The synergy between aluminium matrix and HEA reinforcement has emerged as a particularly intriguing avenue, demonstrating substantial improvements in the mechanical properties of aluminium matrix composites (AMCs) [6, 7]. Previous studies have employed various fabrication techniques such as mechanical alloying [8], fusion stir processing [9], and spark plasma sintering (SPS) [10] to consolidate HEA-reinforced aluminium matrix composites, with enhanced strength and plasticity.

Owning to the fact that the utilization of HEAs as special reinforcements for aluminium matrices has gained significant attention [11,12,13], Chen et al. [8] successfully employed AlCoNiCrFe HEA to reinforce pure aluminium matrix through mechanical alloying, and the addition of HEA to the aluminium matrix resulted in increased tensile strength of the AMCs. Li et al. [9] used AlCoCrFeNi HEA to reinforce AA5083 aluminium plates, and the reinforced AMCs showcased substantial enhancements in mechanical properties compared to the base aluminium matrix. Additionally, Tan et al. [10] utilized spark plasma sintering (SPS) to consolidate Al0.6CoCrFeNi particles, and the developed Al-based amorphous composites displayed a high compressive yield strength.

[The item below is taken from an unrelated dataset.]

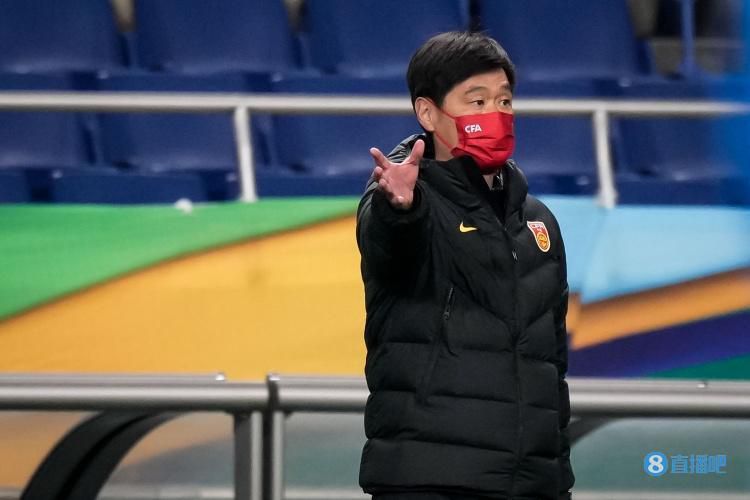 两个豪华轿车的智能钥匙、一个明超成化斗彩酒杯、一张一亿元的支票。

Various fabrication techniques have been explored to incorporate HEAs into metal matrix, and each of the techniques used has its uniqueness in terms of influencing the mechanical and microstructural properties of the developed MMCs. Liu et al. [14] employed the SPS technique to fabricate aluminium matrix-reinforced AlCoCrFeNi HEA particles, and the outcome of the study revealed that there is a correlation between sintering temperature, interfacial layer thickness, and improved plasticity. Vacuum hot pressing, as demonstrated by Chen et al. [15], was employed to prepare AlCoNiCrFe HEA particles reinforced copper matrix, and the fabricated MMCs demonstrated a notable increase in yield strength. Wang et al. [11] utilized rotation friction extrusion (RFE) in the fabrication of CrMnFeCoNi HEA-reinforced Al matrix composites. During this process, the HEA particles reacted with the Al matrix, forming numerous FCC phases and substantially enhancing the tensile strength of the resulting AMCs.

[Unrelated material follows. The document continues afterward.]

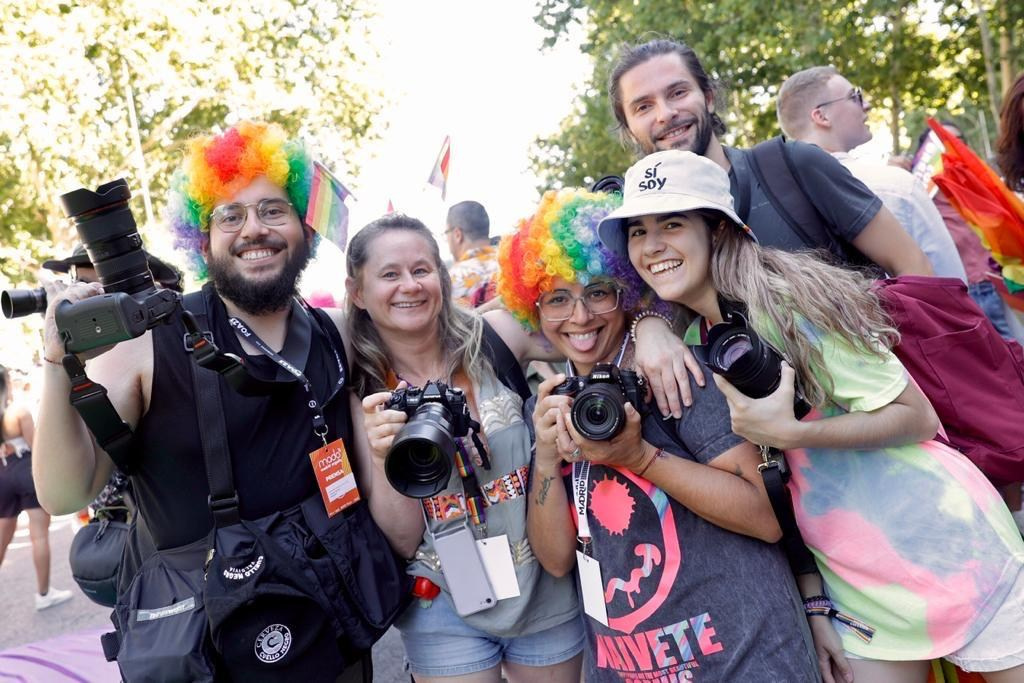 Estos son los servicios que ofrezco como fotógrafa. Distintos paquetes de horas y precios. Fotógrafa de Periodismo y Documentación, Teatro, Cine, Shooting para Modelos, Bodas, Bautizos, Comuniones, Familia y Eventos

Although the focus of this study is on AMC studies, exploring the application of HEA-reinforced metal composites extends beyond aluminium matrix. The addition of 20 wt% AlCoNiCrFe HEA to copper matrix resulted in a remarkable 220% increase in compressive strength [15]. Additionally, SPS was employed to consolidate Al0.6CoCrFeNi HEA particle-reinforced aluminium-based composites, and the developed AMCs displayed high fracture strength in the range of 3120 ± 80 MPa [10]. Comparison studies have highlighted the superiority of HEA-reinforced Al matrix composites over traditional composites, as they often showcase higher tensile strength, modulus of elasticity, and improved plasticity [16]. Furthermore, previous research indicates that composites consolidated via spark plasma sintering exhibit superior mechanical properties and excellent corrosion resistance [17]. Praveen et al. [18] explored stir casting to incorporate a cast-manufactured Al-20Cu-10Mg HEA into a 2024 aluminium alloy matrix, resulting in substantial improvements in mechanical properties. When 15% HEAs were added to the 2024 aluminium alloy, yield strength increased 1.95 times, and tensile strength improved about 1.7 times.

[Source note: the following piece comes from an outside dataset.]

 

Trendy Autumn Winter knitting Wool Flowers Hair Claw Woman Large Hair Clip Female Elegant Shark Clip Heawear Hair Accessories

In this study, we leverage the promising material paradigms of aluminium matrix and high-entropy alloys (HEAs) whose composition is carefully determined through the use of novel thermophysical expressions and the calculation phase diagram (CALPHAD) prediction approach, to develop a field-assisted sintered HEA-reinforced Al matrix composites, with a focus on phase identification and microstructural properties. By employing advanced techniques such as field-assisted sintering, the study aims to contribute to the understanding of the unique combination of aluminium and HEAs, thus offering insights into the potential for fabricating lightweight, high-performance metal matrix composites with applications in various engineering sectors.

2 Methodology

The synthesis of Al matrix composites reinforced with CuNbMnCrNiCo high-entropy alloy (HEA) involved a well-defined fabrication process utilizing field-assisted sintering. This methodology encompassed powder preparation, milling/mixing, field-assisted or spark plasma sintering (SPS), and subsequent characterization. During the design of the HEA reinforcement for the aluminium matrix composites, we employed thermophysical parameter expressions to guide the selection of constituent elements. Additionally, the calculation phase diagram (CALPHAD) software, Thermocalc, was utilized to predict the potential phases present in the HEA (details in Section 3.1).

2.1 Thermophysical expression for HEA design and phase identification

In the realm of designing high-entropy alloys (HEAs), the precise anticipation of stable phases plays a pivotal role in discerning their potential applications [19]. Researchers, such as Yang [20] and Guo et al. [21, 22], have devised mechanisms aimed at favouring the formation of stable phases, including body-centered cubic (BCC), face-centered cubic (FCC), or a combination of both. The expressions formulated by these authors serve as crucial tools in predicting the stable phases during the development of HEAs. Table 1 encapsulates these expressions for determining stable phases, and these expressions are used in this study to predict the values and phases specific to the CuNbMnCrNiCo HEA developed in the current study.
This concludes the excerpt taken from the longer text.